Recognizing the garden as the proto-sanctuary equips us to perceive the analogies between it and the tabernacle. Yet, within the symbolic world of Scripture, analogies are multiple, and draw our attention in many different directions. The tabernacle is analogous to Eden, to Israel, but also analogous to the entire creation. Perhaps especially significantly, the tabernacle is analogous to the human person. The Most Holy Place is the inner heart, wherein God must be enthroned, and his Law treasured. The lampstand is like the eyes and the understanding. The table corresponds to the mouth and the stomach, by which things are assimilated into the body. The table of incense corresponds with the sense of smell and with breath. The tabernacle structure is like the human skeleton and the skin that covers it. The water, as becomes clearer in the Temple and later prophecy, can represent the generative fluids of the body.

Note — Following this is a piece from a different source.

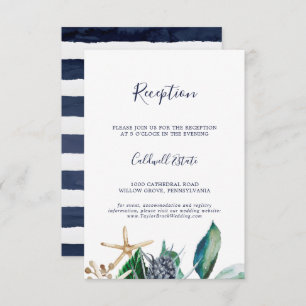 Modern Nautical   Greenery Wedding Reception Enclosure Card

The operations of the tabernacle, then, present us with a model of a person who orders his life around God’s presence and whose interface with the world—in sight, smell, taste, and touch—is regulated by an inner attention to and meditation upon the Law of God.
In concluding with the revelation of the plans of the tabernacle and its construction, Exodus presents the deliverance from Egypt as climaxing in the gift of a divine pattern for human existence, filled with God’s own empowering presence, pregnant with the promise of the world set free from its greater bondage to sin, God’s will being done on earth as it is in heaven, as men and women live together in communities of justice and fruitful peace.
Recent Work
Alastair:
❧ An Advent-themed piece of mine has been published in the recent Generations issue of Plough. Within it, I discuss the genealogy with which Matthew’s gospel—and the New Testament more generally—opens:
A genealogy such as Matthew’s is a way of alluding to and evoking a larger narrative, not unlike the “previously on…” recap before the first episode of a new season of a television series. It situates new events within the arc of a larger narrative, of which they will serve as the culmination. The gospel narrative does not begin in a historical vacuum, but as the climax of a long history of God’s dealings with Abraham and his descendants. Matthew’s catalog recalls familiar names that represent some of the narrative’s most important moments, recollecting earlier events and characters so that the hearer recaptures the threads of the greater story. This, of course, is one of its most important purposes: any who might otherwise be tempted to regard the New Testament as entirely self-contained are immediately charged to understand Matthew’s account against the vast backdrop of the Old Testament.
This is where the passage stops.